The envisioned Continental Free Trade Area (CFTA) would allow free movement of business persons and investments. It would also avail a continental market for goods and services which would mean good business for Africa by Africans.
CFTA is a top agenda at the ongoing AU Summit in Addis Ababa, Ethiopia. The African Union (AU) and the United Nations Economic Commission for Africa (UN-ECA) have both reaffirmed the need to realize it.
Top delegates, AU Commission Chairperson Moussa Faki Mahamat and Vera Songwe, Executive secretary of the UN-ECA have cited CFTA’s potential to increase trade in the continent.
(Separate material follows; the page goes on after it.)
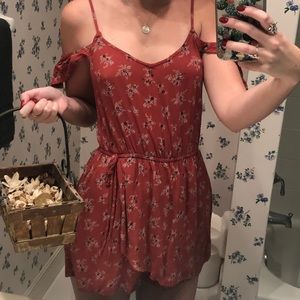 red floral american eagle romper!!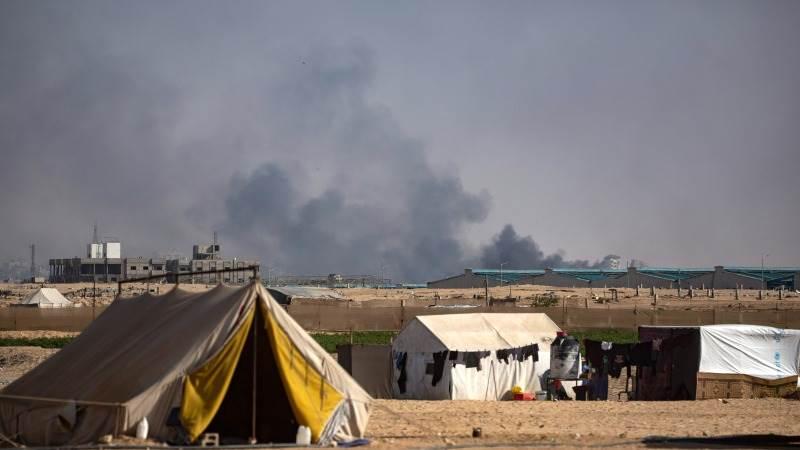 Israeli strike on refugee camp near Rafah  leaves 11 dead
In fact, it is expected that the free trade area would more than double trade. Media from Addis Ababa reported that ECA estimated that the CFTA has the potential to boost intra-Africa trade by 53.2 percent by eliminating import duties and to double such trade if non-tariff barriers are also reduced.
However, the sought after Free Trade Area CFTA is still elusive six years after it was put on the table.
CFTA was adopted in January 2012 during the 18th Ordinary Session of the Assembly of Heads of State and Government of the African Union when it was thought that by 2017 it could very well be realized.
Experts are also concerned that because of Africa’s poor infrastructure, then even with a free trade zone across the continent, then trade would still not improve significantly., if at all.
According to the ECA, the CFTA, by reducing tariffs, simplifying trade and clearing procedures as well as reducing import duties, would make business more affordable for informal traders to operate via formal channels, which also offers more protection.
Concerns and Challenges
However, experts and organizations expressed their concern that trade on the African continent would not improve much with the current poor state of Africa’s infrastructure.
“Africa needs safe, reliable, efficient, affordable, and sustainable physical infrastructure to support economic activities and to provide basic social services, especially for the poor,” Songwe said.
AU and ECA also stressed the need to improve all aspects of infrastructure services in Africa, including road, air, energy and water, so as to help uplift intra-Africa trading.